Well, you said you start with dx/dt = k x
(with k, presumably, a constant).
If x = t^2, you don't get dx/dt = k x, do you?
--
GM
From: Noone on 20 Jul 2010 04:16
On Mon, 19 Jul 2010 08:40:46 -0700 (PDT), cbb
<stefan.lhachimi(a)gmail.com> wrote:

>On Jul 19, 4:59 pm, "Greg Neill" <gneil...(a)MOVEsympatico.ca> wrote:
>> Stefan.D...(a)gmail.com wrote:
>> > Hi,
>> > there is one thing that puzzles me in the derivation of exponential
>> > growth.
>> > Let's  start with
>> > dx/dt = kx
>>
>> > where t is time and the rate.
>> > Then
>> > dx/x= k dt
>> > and then
>> > Int[dx/x]=Int[k dt]
>> > ln x = kt + constant
>>
>> > Can somebody explain or direct me to a source explain why Int[dx/x]=ln
>> > x ?
>> > Thanks and best,
>> > stefan
>>
>> Are you aware that d(e^x)/dx = e^x  ?
>>
>> Consider the relationship y = e^x.  If we differentiate
>> both sides:
>>
>> dy/dx = e^x = y
>>
>> so we can write:
>>
>> dy/y = dx
>>
>> Integrating both sides:
>>
>> INT(dy/y) = x + c
>>
>> but from above, y = e^x, so taking the natural log of each
>> side, ln(y) = x.  Thus
>>
>> INT(dy/y) = ln(y) + c
>
>thanks for the quick response.
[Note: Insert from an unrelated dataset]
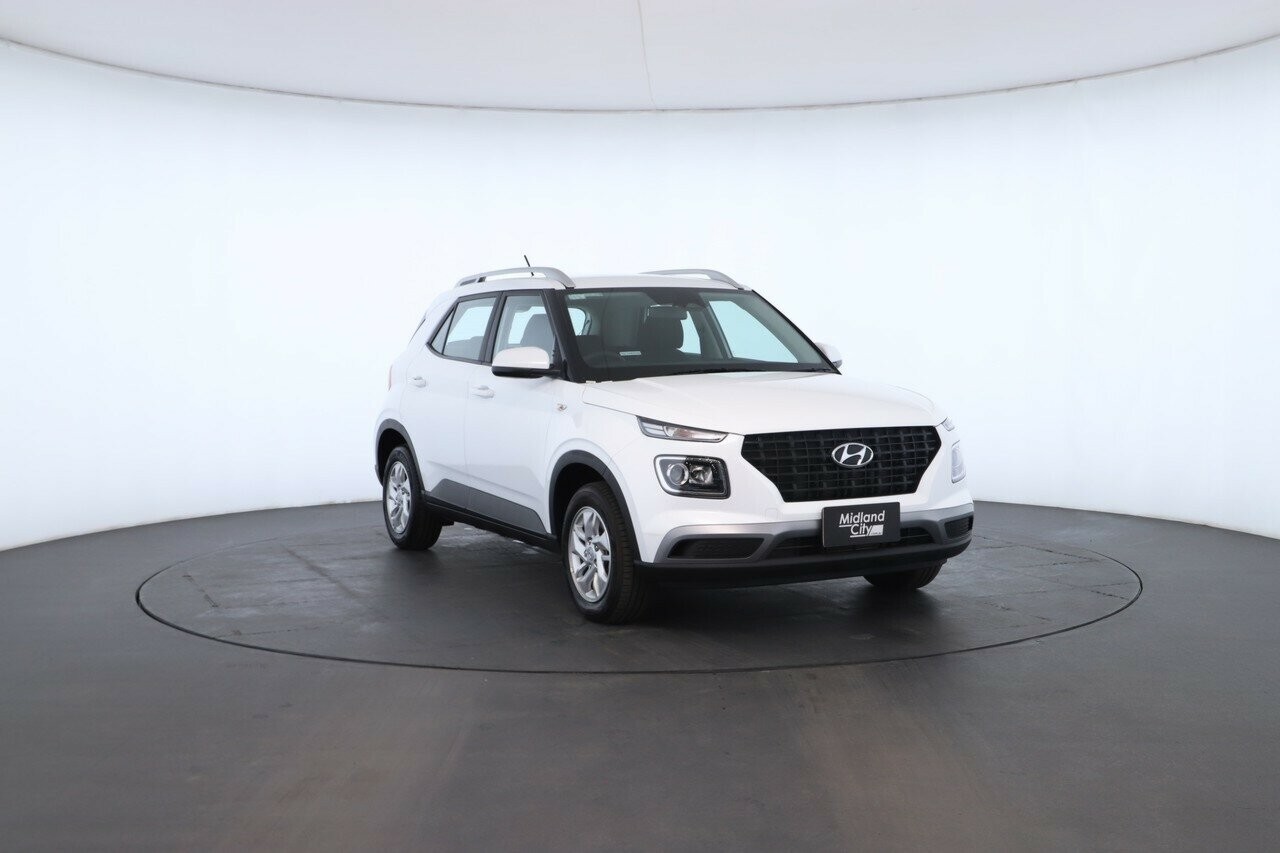 Hyundai Venue image 4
So if I get it right, this only holds
>when I define Y=exp(x) (given some scale parameter for the growth
>rate). It wouldn't hold for any other function, say, y=x^2?
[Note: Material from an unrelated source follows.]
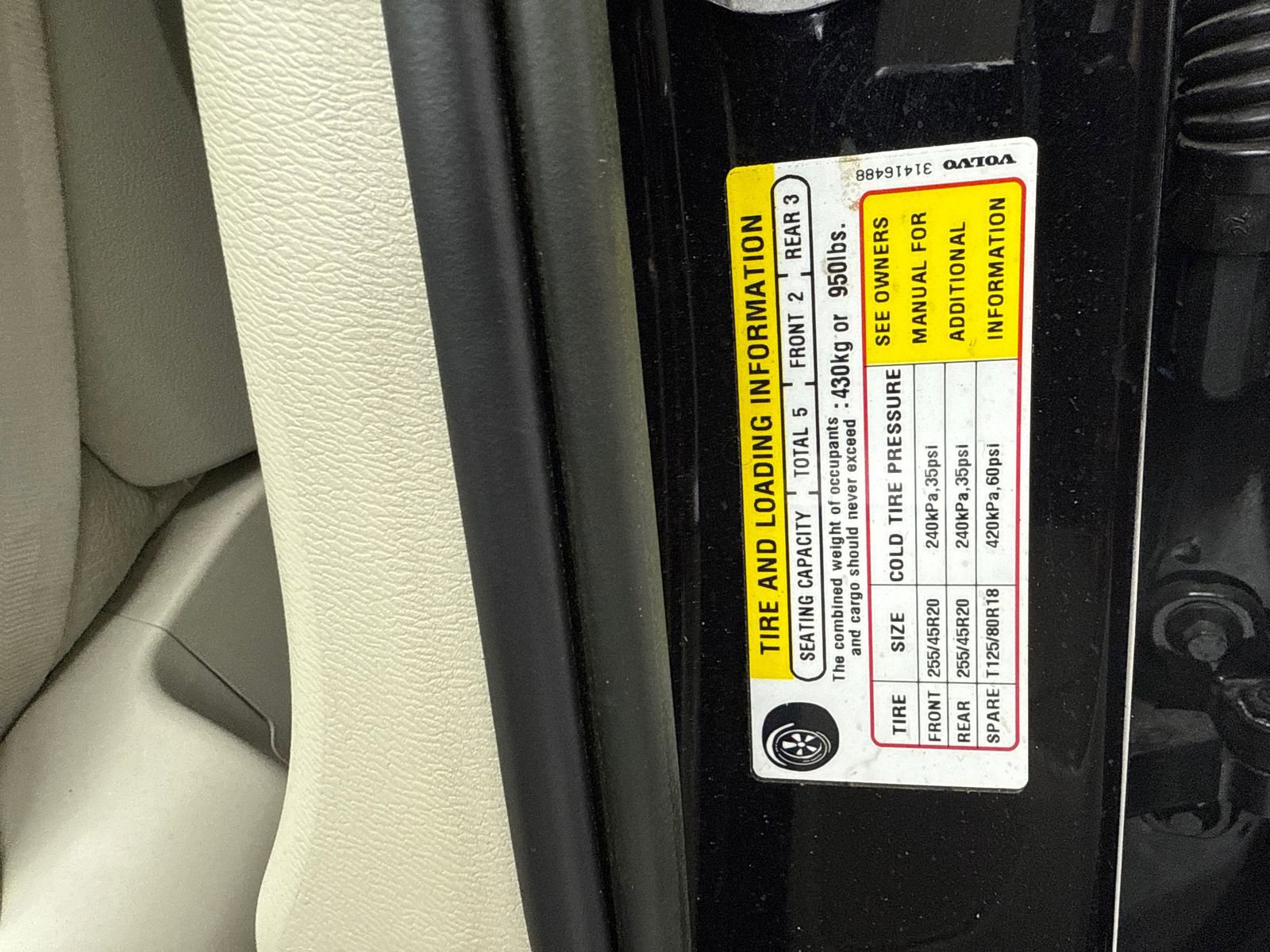 Used 2022 Volvo XC60 B5 Momentum w/ Protection Package Premier FWD image 53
In the following, a and c represent constants.

If a function y = f(x) satisfies a differential equation of the form
y' = a y, then y has the form y = f(x) = c e^(a x). Conversely,
every function of the form c e^(a x) satisfies the equation
y' = a y.

From: Daniel Royer on 20 Jul 2010 04:31
On 19.07.2010 16:41, Stefan.Duke(a)gmail.com wrote:
> Hi,
> there is one thing that puzzles me in the derivation of exponential
> growth.
> Let's start with
> dx/dt = kx
>
> where t is time and the rate.
> Then
> dx/x= k dt
> and then
> Int[dx/x]=Int[k dt]
> ln x = kt + constant
>
> Can somebody explain or direct me to a source explain why Int[dx/x]=ln
> x ?
> Thanks and best,
> stefan
Because the derivative of ln(x) is 1/x.

--



---------------------------
Daniel Royer
University of Geneva
daniel at royer dot ch
From: mjc on 20 Jul 2010 10:53
Another way to look at ln is to start with its functional equation:
f(xy) = f(x)+f(y). (This also works for exp, atanh, and others.)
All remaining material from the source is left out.